WEB, THE (aka: BLACK VELVET)
(director: Michael Gordon; screenwriters: from a story by Harry Kurnitz/Bertram Millhauser/William Bowers; cinematographer: Irving Glassberg; editor: Russell Schoengarth; music: Hans Salter; cast: William Bendix (Lt. Damico), Ella Raines (Noel Faraday), Edmund O’Brien (Bob Regan), Vincent Price (Andrew Colby), Maria Palmer (Martha Kroner), John Abbott (Charles Murdock), Fritz Leiber(Leopold Kroner), Tito Vuolo(Emilio Canepa); Runtime: 87; MPAA Rating: NR; producer: Jerry Bresler; Universal-International; 1947)
“A great cast digs into this film noir with relish.“
Reviewed by Dennis Schwartz
Top-of-the-line B film crime drama. A great cast digs into this film noir with relish. Director Michael Gordon (“Pillow Talk”/”Texas Across the River“/”Boston Blackie Goes Hollywood“) keeps things breezy and topped off with zesty mustard.

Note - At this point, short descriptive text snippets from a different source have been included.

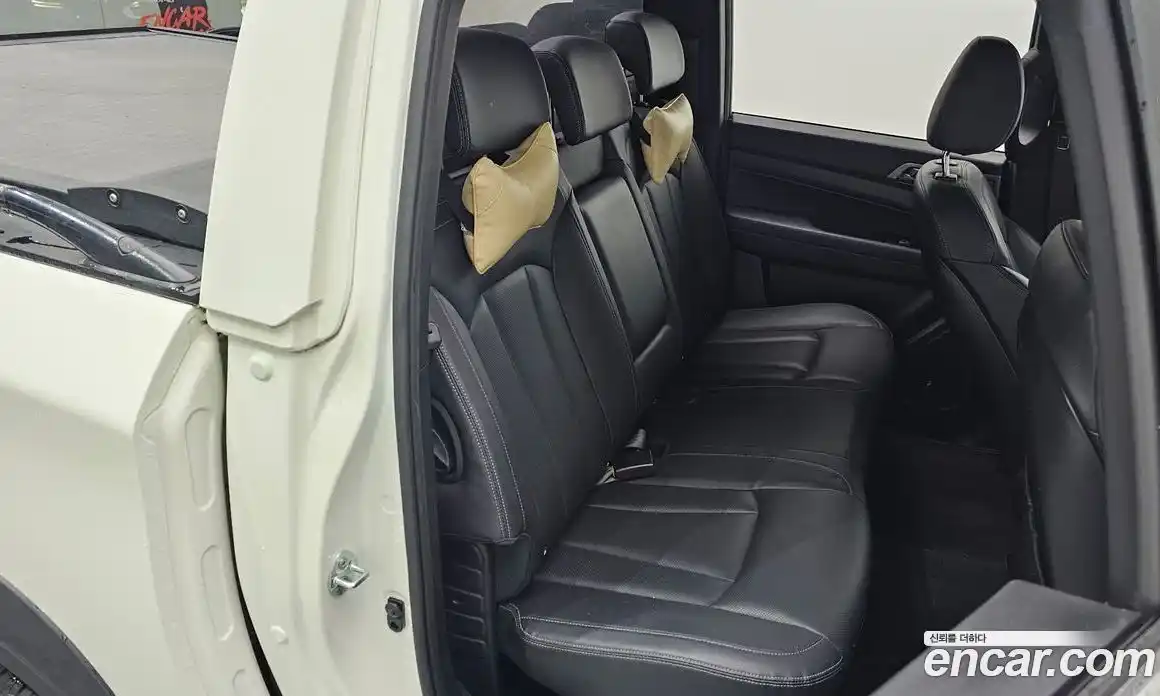 SsangYong Rexton 2021 2.2 гидро в Москве, фото 18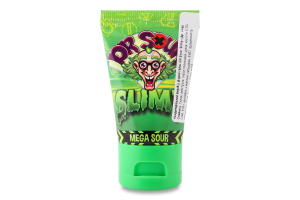 Цукерка кисла паста Slimy Dr.Sour 50г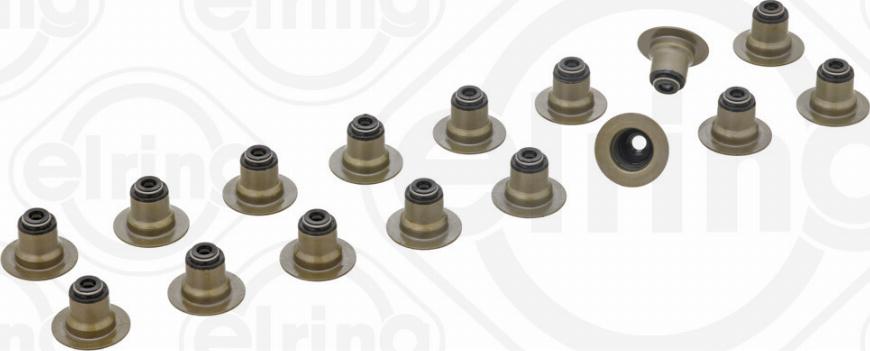 Elring 191.420 - Kit guarnizioni, Stelo valvola www.autoricambi360.it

Writers Bertram Millhauser and William Bowers keep the story by Harry Kurnitz free of any dull momenta. The pic has the following things going for it: William Bendix is superb playing a smart cop against type, a sassy Ella Raines smoothly swinging her hips is good for the eyes and ears, a slimy Vincent Price as the sinister villain makes your blood boil in an entertaining way, and a rarely seen as slim Edmund O’Brien is oafishly prancing around as the good guy lawyer of the people and makes for a likable hero.

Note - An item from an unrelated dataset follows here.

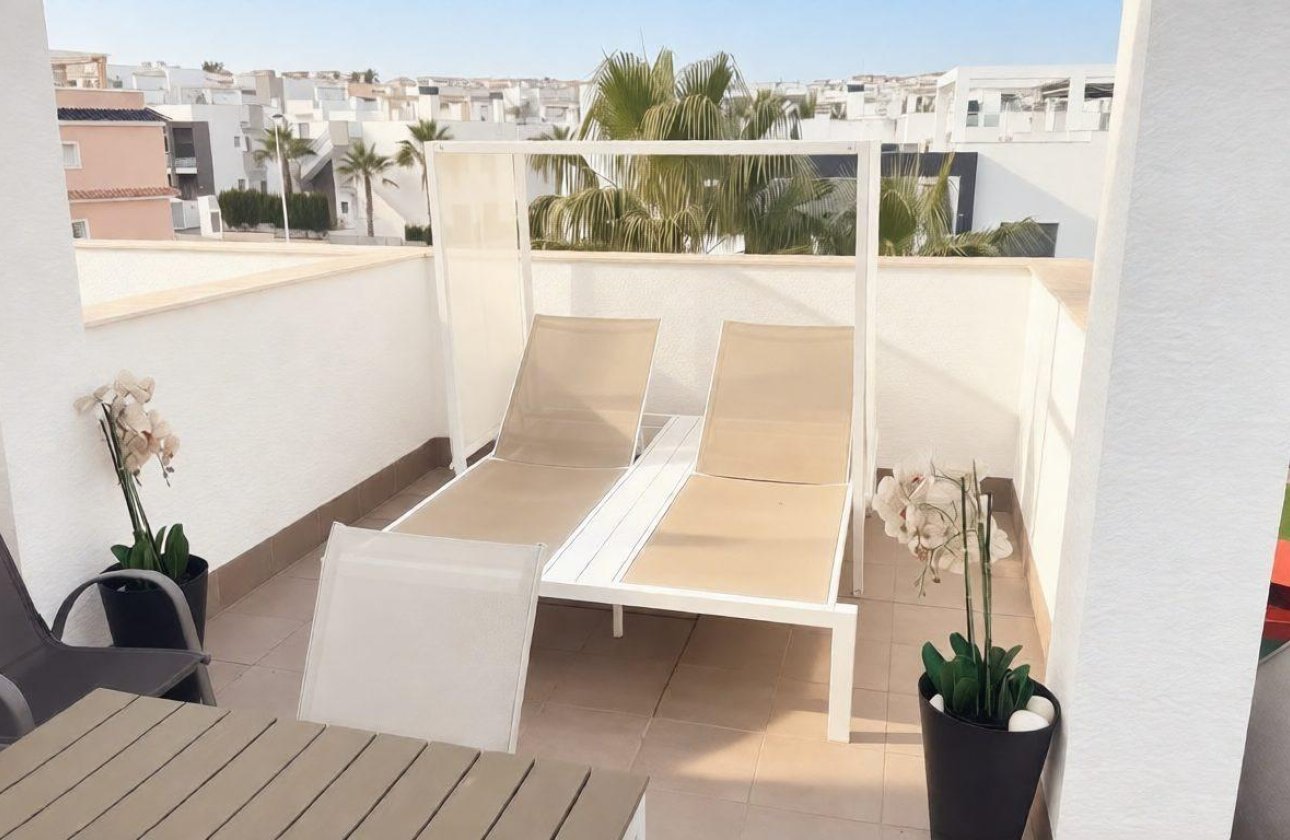 Revente - Penthouse -
Torrevieja - Costa Blanca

After five years in prison the elderly embezzler Leopold Kroner (Fritz Leiber) is released and met at Manhattan’s Grand Central Station by his daughter (Maria Palmer). Kroner was a former partner of Andrew Colby (Vincent Price), the oily wealthy financier. Kroner confessed to stealing $1,000,000 in bonds that have never been recovered, as he replaced them with counterfeit bonds. Colby tells his trusted henchman servant Charles Murdock (John Abbott) that he’s been threatened by Kroner, who blames him for his imprisonment. The ruthless businessman then on a whim hires the struggling brash small-time lawyer Bob Regan (Edmund O’Brien) to be his bodyguard for two weeks before he goes to Paris, and pays him the ridiculous amount of $5,000. The untrustworthy industrialist schemes to set Regan up as a patsy, as he gives him his gun and makes him happy as he lets him flirt with his elegant secretary and live-in loverNoel Faraday (Ella Raines). When Regan, on his first night on the job, hears a gunshot in Colby’s room, he rushes in and finds Kroner pointing a gun at him and kills him in self-defense. The cop in charge of the homicide investigation, Lt. Damico (William Bendix), smells something fishy, but lets Regan go after lecturing him that he’s pretty stupid for a lawyer. The gruff cop goes on to cynically question how someone who practices law can let himself fall for Colby’s sweet job offer without thinking about why he would want to pay him so much. Damico can talk so frankly to Regan because he was friends with Regan’s dad when they lived in Little Italy, and knows his friend’s son is not guilty (but that doesn’t stop the cop from having him followed from now on).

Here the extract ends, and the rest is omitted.